Anyone who has been following the all-time Fight Flub champion Nems career knows what he’s all about. His latest project, though, is a treat for fans of the gritty bar-based New York City sound that is having a run currently thanks to the independent success of acts like Griselda. Gorilla Monsoon is in many ways an opus; a carefully constructed body of work that gives heads the vicious MC they love, while momentarily separating himself from his rap persona and displaying personal growth.

Produced entirely by Jazzsoon, the 13-song effort rarely takes its foot off of your throat. Littered with Biggie references — even borrowing the main elements of his “Who Shot Ya” instrumental for the aptly titles “Who Got Ya,” Jazzsoon creates a vibe that is distinctly New York, opening up Nems to traverse a surprisingly diverse amount of topics.

“Leave Me Alone” stands out with Nems offering inspiring commentary about moving on and letting go of the past, and navigating crippling isolation. You can hear the cracking emotion as he asks his father why he left, and pays homage to mother — who suffered from addiction.

The most telling part of the song is the revelation that “Nems” was created as a way for him to channel his aggression.

“Token Of My Affection” is another gem, on which Nems discusses how he he used to joke about rape until someone he knew was raped; he goes as far as to offer a sincere apology to female fans for his past ignorance. He then offers his disgust for anyone who harms young girls.
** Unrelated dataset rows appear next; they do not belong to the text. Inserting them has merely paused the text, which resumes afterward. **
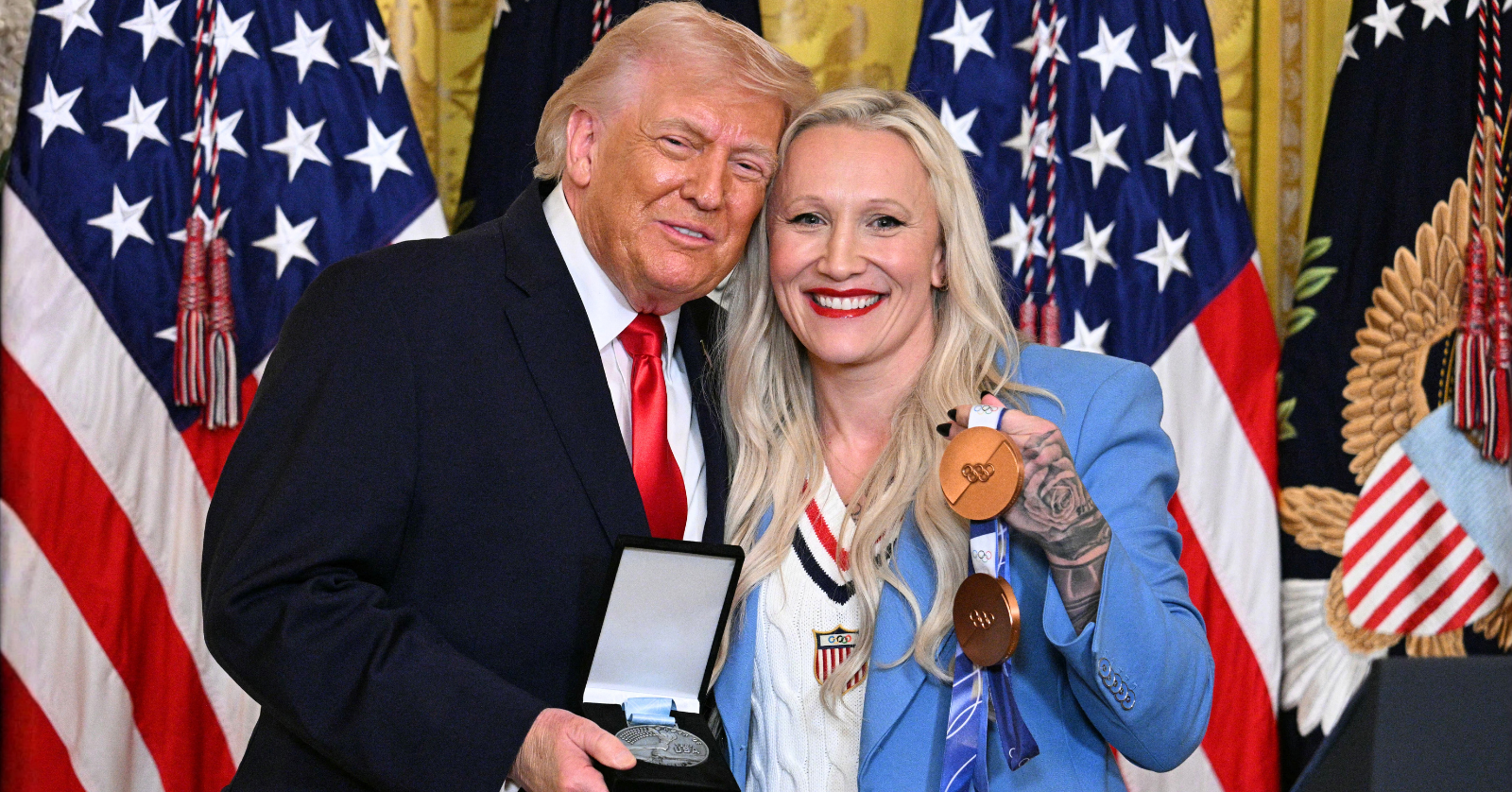 During a Women's History Month event at the White House, President Trump recognized Olympian Kaillie Humphries, who then presented Trump with the Order of Ikkos medal.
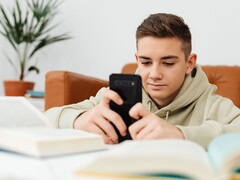 Önünde açık okul kitapları bulunan, kapüşonlu bir genç, akıllı telefonunda yazıyor.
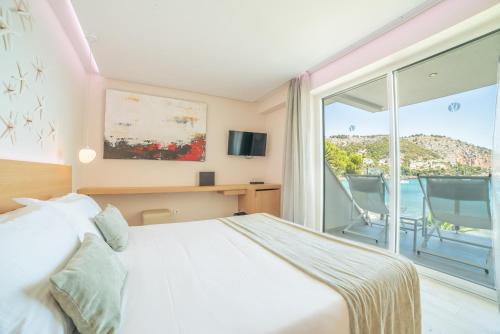 Katil atau katil-katil dalam bilik di Melbeach Hotel & Spa - Adults Only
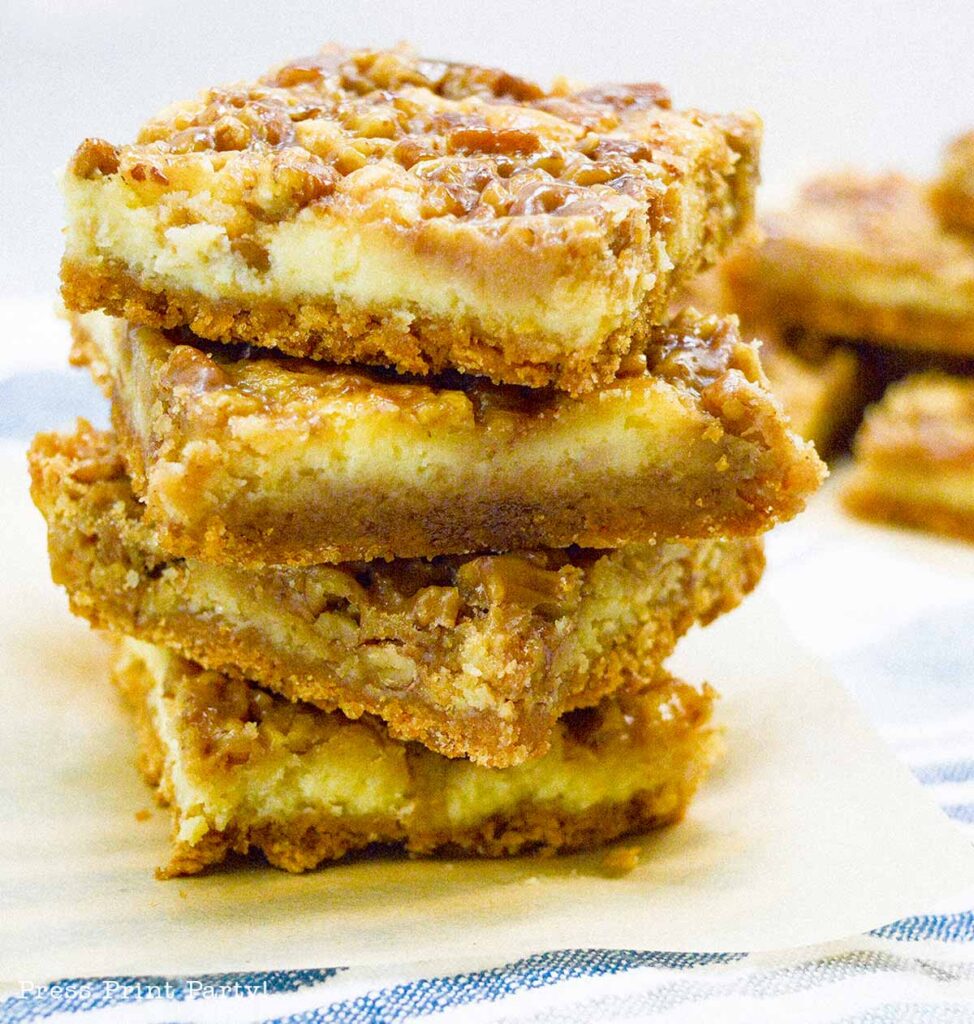 easy pecan pie cheesecake bars recipe squares. graham cracker crust, cheesecake. caramel and pecans on top. great for thanksgiving fall recipe treat. Press Print Party!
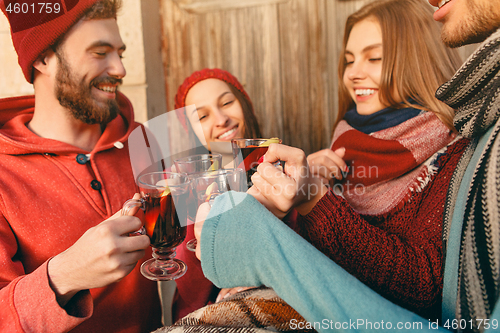 Image of Smiling european men and women during party photoshoot.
These two examples signify the maturity of this record, which are interwoven into a tapestry that includes some insanely grimy compositions, like the Conway The Machine collaboration, “Where You Know Me From,” which borrows sonic elements from Fat Joe’s “Respect Mine.”

It’s also interesting to see the growth taken to such a human place as opposed to the Intro “Step Aside,” where he goes back and forth with his wilder younger self, which seems to signify that we’re getting a more mature rapper, but still keeps it (very) thorough.

The record is brimming with balance. Nems let his pen bleed all over this masterpiece, but no song on this record ultimately captures the spirit of his place in the industry as well as shiniest jewel “Gahbage” — a theme song for a generation of listeners who are sick of music that seems averse to bars. There is a new wave of gritty nouveau-nineties grime beginning to finally erode the current structure of Hip Hop, and on Gorilla Monsoon, it’s clear that Nems has his surfboard ready.